The films continue with minimal plot and maximum bloodshed until they’re reminiscent of Tory politicians in that, once you’ve seen the pain and upset inflicted by one, you’ve got the idea of what to expect from all of them. Jason proves himself to be either immune to death, or very Christlike in his habit of succumbing to resurrection and, despite being repeatedly killed, he invariably comes back to hack his way through the cast of each subsequent film in the franchise.

This bounce-back attitude serves Jason well through Part 2, Part III (this is the film where Jason gets his iconic hockey mask), The Final Chapter, A New Beginning, Jason Lives, The New Blood, Jason Takes Manhattan, The Final Friday and Jason X (which has very little crossover content with Malcolm X). However, there is cross-over content in Freddy vs Jason, where the Friday the 13th icon is engaged in an epic battle with the star of the Nightmare on Elm St films, Freddy Krueger.

As stated above, the films have proved enormously successful in the genre and this could be for a variety of reasons. For a start, Jason is not a complicated character. In some ways he’s similar to the scourge of Biblical texts in that he is a brutal weapon used to rid the world of sinners and their sin. Note how Jason specifically targets those engaged in acts of marital infidelity or premarital sex. Note how he enacts retribution on those who partake of substance abuse with recreational drugs. These are sins that modern society seldom deems worthy of punishment, but Jason has the sensibilities of a different era and he acts as judge, jury and executioner to all those who fall foul of his strict moral code.

This is not me trying to suggest that Jason is the hero of these films, or that his conservative attitudes are laudable. We can perceive him as an evil representation of the way society is violently trying to shape us to conform to codes of strict morality. The impassive features of the hockey mask, and the unequivocal power of a machete blade, combine to give him the appearance of brutal, modern justice.

And, when we view the films through this lens of abiding by strict moral codes, we can see how they are simple guides for living a simple and happy life in the complex world of today.

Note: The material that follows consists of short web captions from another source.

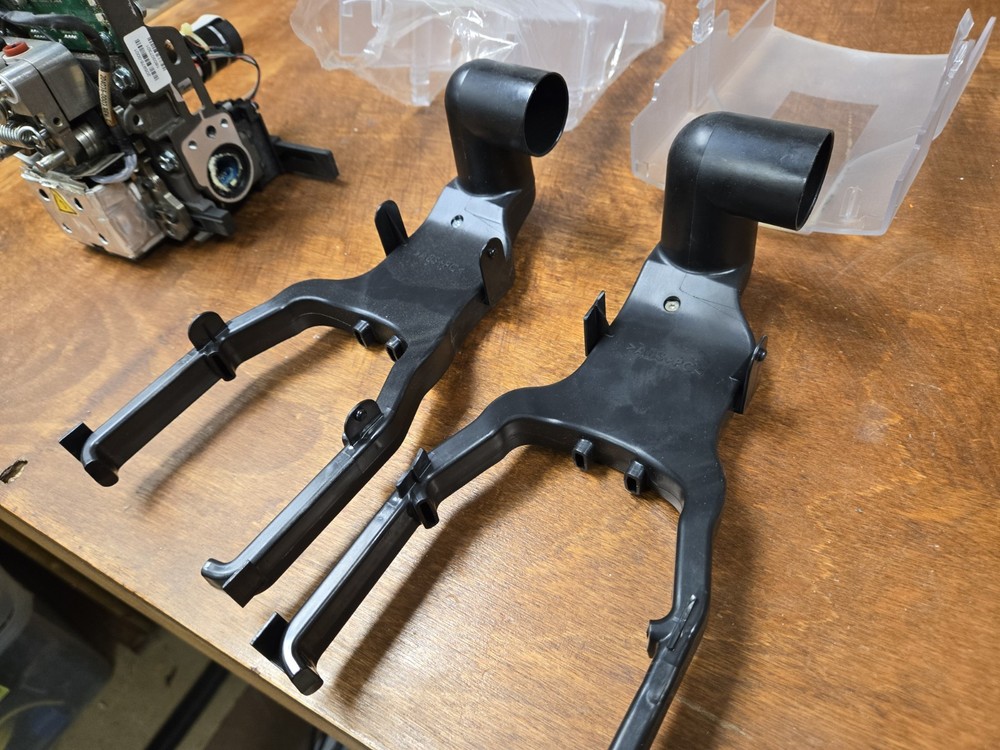 Stratasys Uprint SE Full Print Head Assembly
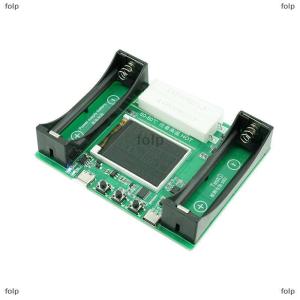 [COD] folp Lithium dung lượng Pin thử nghiệm kháng nội bộ mô-đun đo pin thử nghiệm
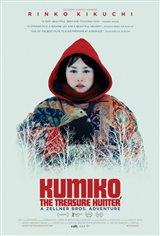 Kumiko, the Treasure Hunter Movie Poster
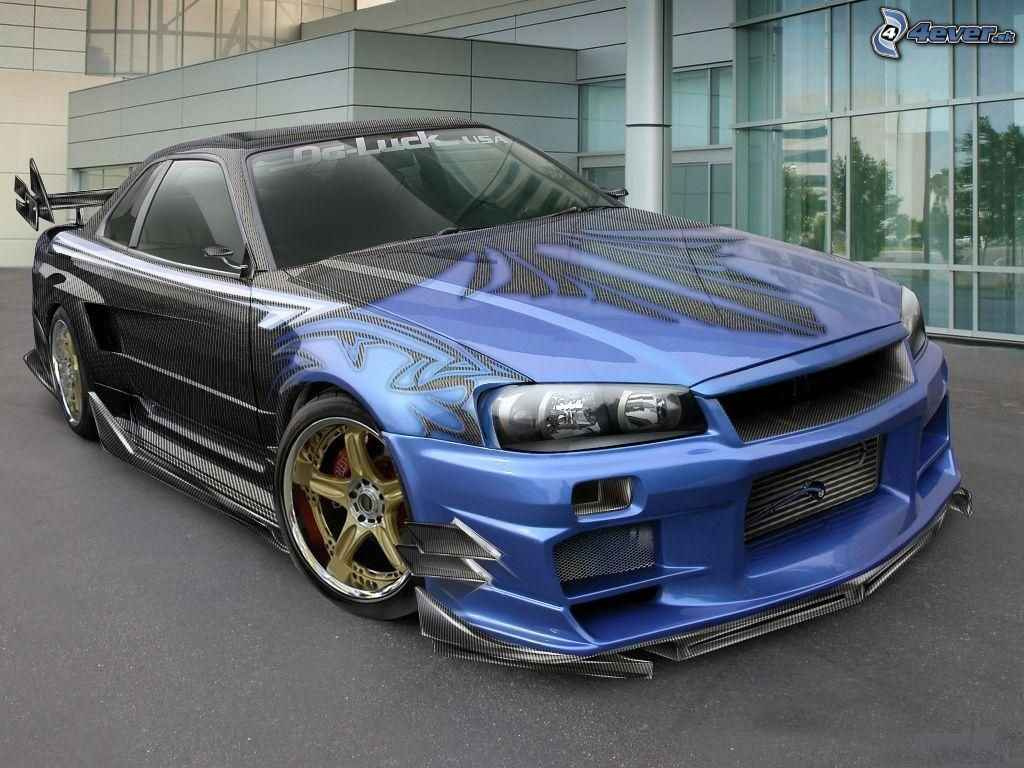 [obrazky.4ever.sk] Nissan, skyline, GTR, R35, tuning, auto 60841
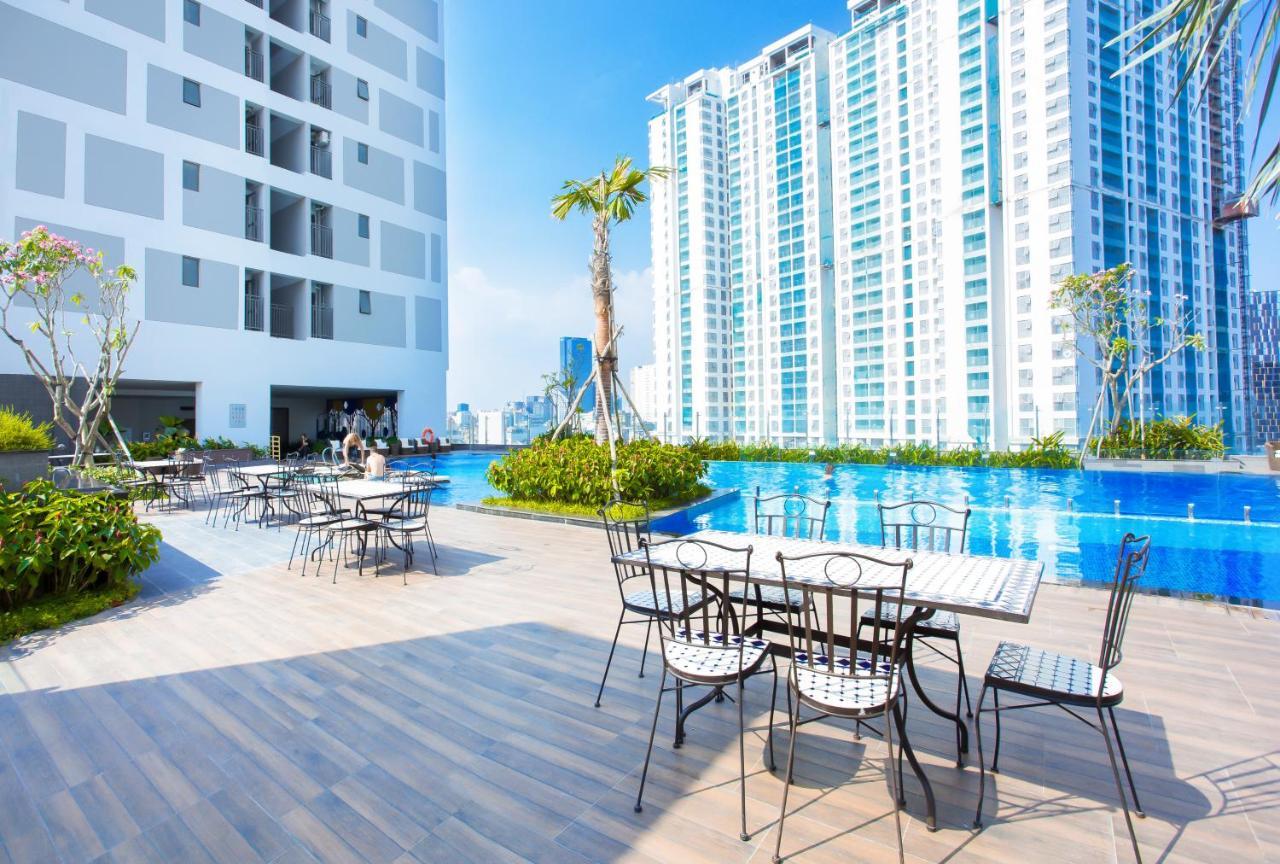 Saigon Home Apartment - Infinity Pool Πόλη Χο Τσι Μινχ Εξωτερικό φωτογραφία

Young people ignore the warnings from Crazy old Ralph, who warns of danger and death at the start of the film. It comes as no surprise that danger and death follow: but doesn’t this trope serve to tell us that we should always respect and listen to our elders? Tragic deaths ensue when counsellors don’t do their jobs with sufficient diligence: how’s that for a reminder that you should do your goddamned job properly? Hitchhikers, libertines, the promiscuous and the morally bankrupt all come to miserable ends, which is a strong argument to live your life by principles that don’t include hitchhiking or being a libertine or being promiscuous or being morally bankrupt.

In other words: Jason is a modern-day bogeyman. And the moral of all stories involved with such characters is: if you don’t behave properly, the bogeyman will come and get you.